The characters lack depth. Naina could have been an interesting character – there were a lot of places Ghosh could have gone with her – but he doesn’t. She just isn’t very well fleshed out. Badal Gupta is just so smarmy and smug, and need I point out the filmi name? Then there were these implausible sounding scenes – like the one where Rani Kaur (Amrita Singh), an absolute stranger, gabs on very friendly terms to Arjun. Yes, the locale is Glasgow and one might argue that the heart gets fonder for apne log in pardes, but still!

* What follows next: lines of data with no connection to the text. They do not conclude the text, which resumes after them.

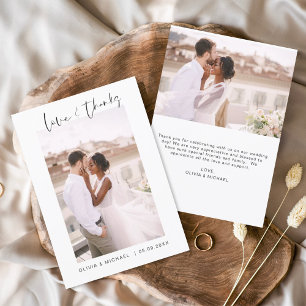Budget Mariage Love et Merci Cartes de Merci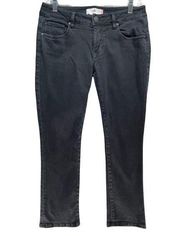 Cabi Womens New Crop Jeans Style 3189 Size 4 Black Stretch Classic Skinny Denim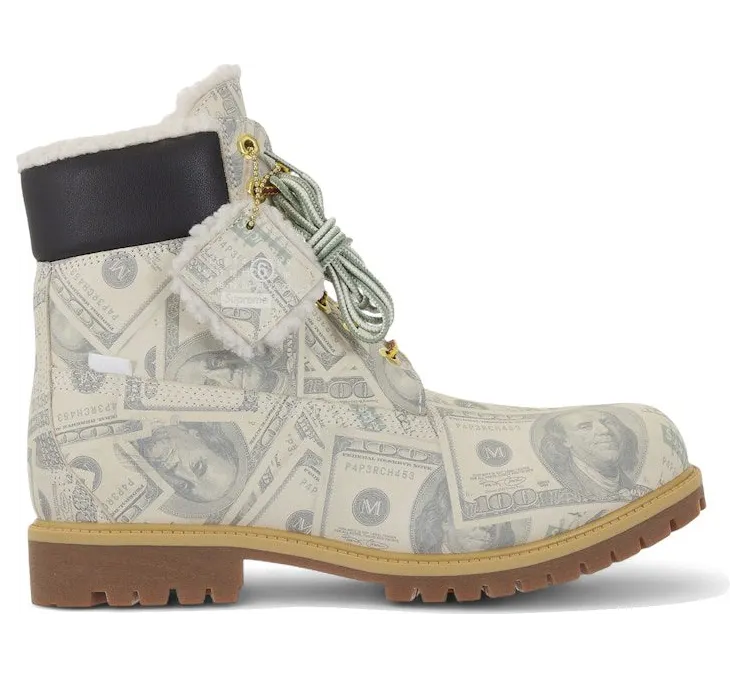 Timberland 6″ Premium Waterproof Boot Supreme x MM6 Maison Margiela $100 Bills (TB0A5NG5-ALP)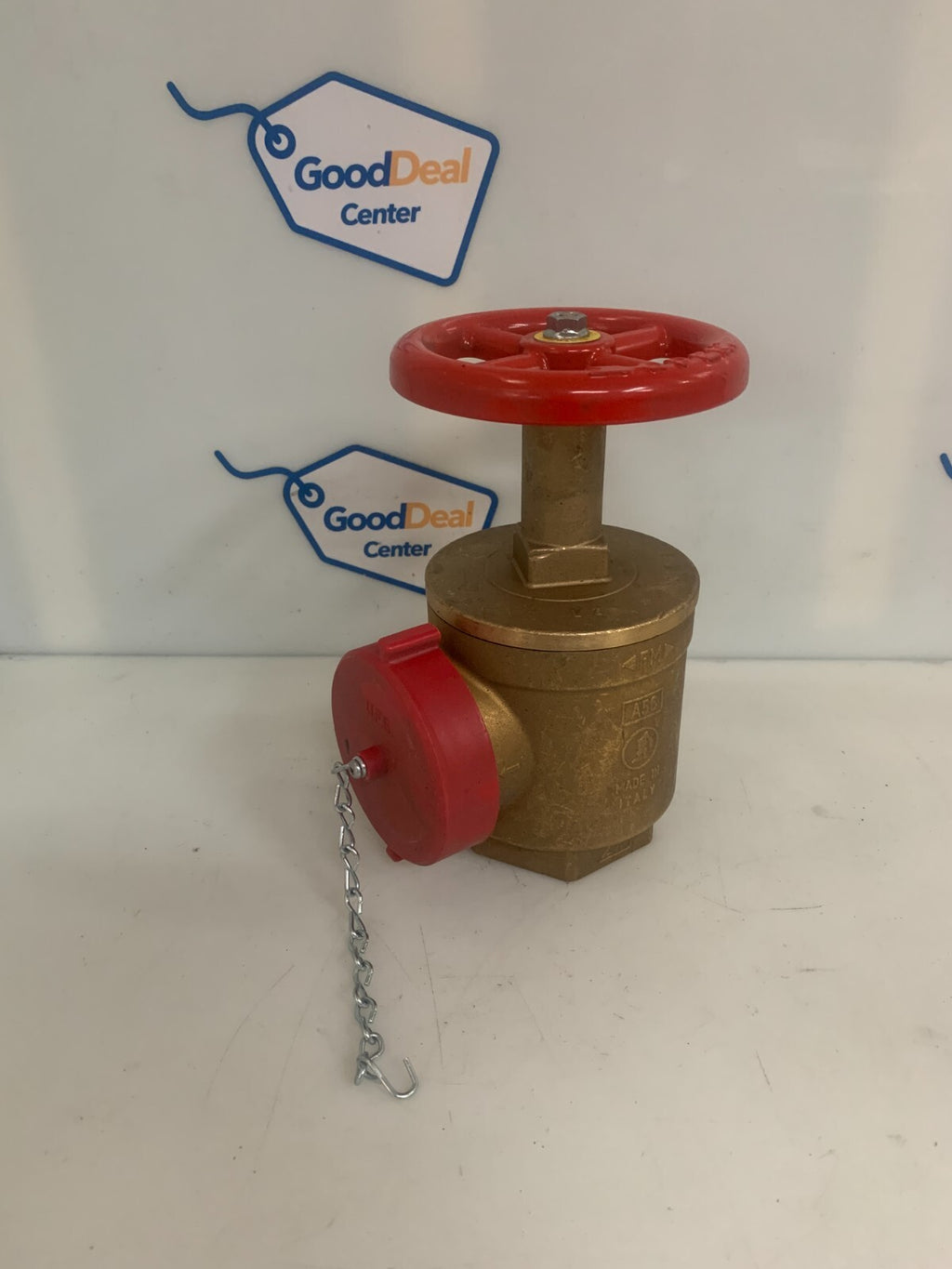 GIACOMINI BRASS FIRE PROTECTION ANGLE HOSE VALVE 2 1/2 #A56Y0140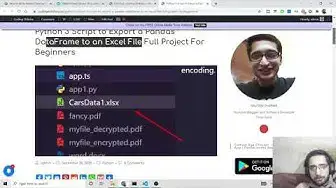 Video thumbnail for Python 3 Script to Export a Pandas DataFrame to an Excel File Full Project For Beginners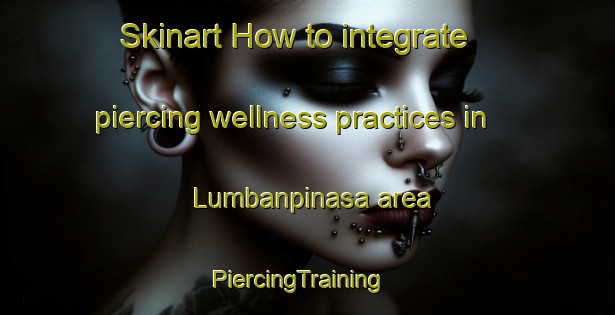 Skinart How to integrate piercing wellness practices in Lumbanpinasa area | PiercingTraining | PiercingClasses | SkinartTraining-Indonesia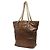 Borsa Tote Capri Gucci in vitello metallizzato marrone con catena - vista 2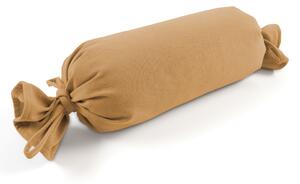 Biante Vankúš valec bonbon Velur VLR-007 Horčicovo béžový 15x40 cm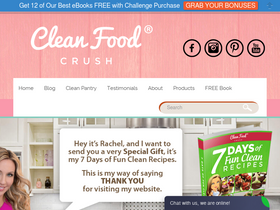 'cleanfoodcrush.com' screenshot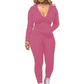 Women's Long Sleeve Hooded Sweatsuit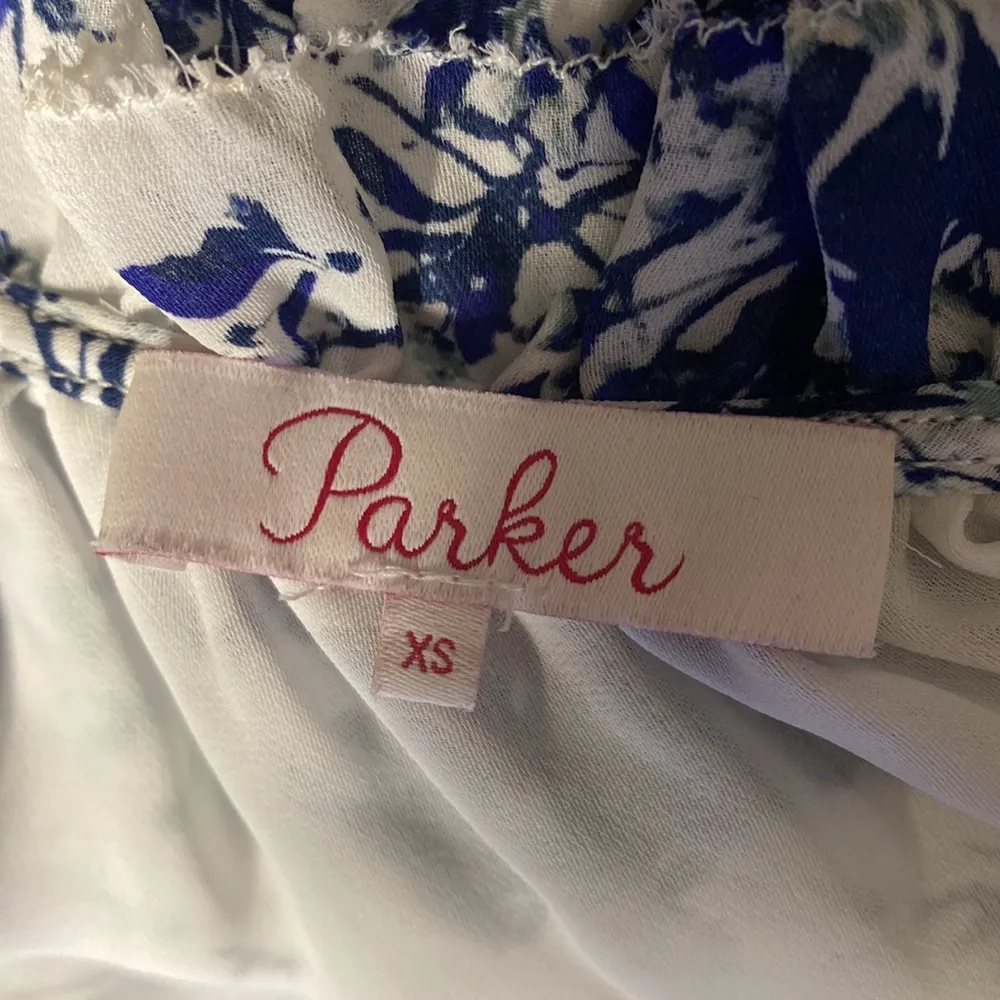 Parker Aidrian Floral-Print Cold-Shoulder Shift Dress XS - Image 10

The ending was predictable but director Ghosh makes it worse with Bollywood-esque drama and rubbing the climactic plot-twist in our faces. A cleaner, sparer, subtler ending was called for instead. Pannu and Bachchan can both deliver fine performances (recall Manmarziyaan, Pink) given the right direction so I have to blame Ghosh for their mediocre performance in Badla. By comparison, Kahaani was a far better film, and while Ghosh can hold his own in short films (e.g. Ahalya) there’s some ways to go before he can deliver a sophisticated edge-of-your-seat thriller.

Badla is a step in the right direction for Bollywood where who-dun-its are few and far between, but I can’t quite recommend it.

Kidwise: Violence – this is a murder mystery!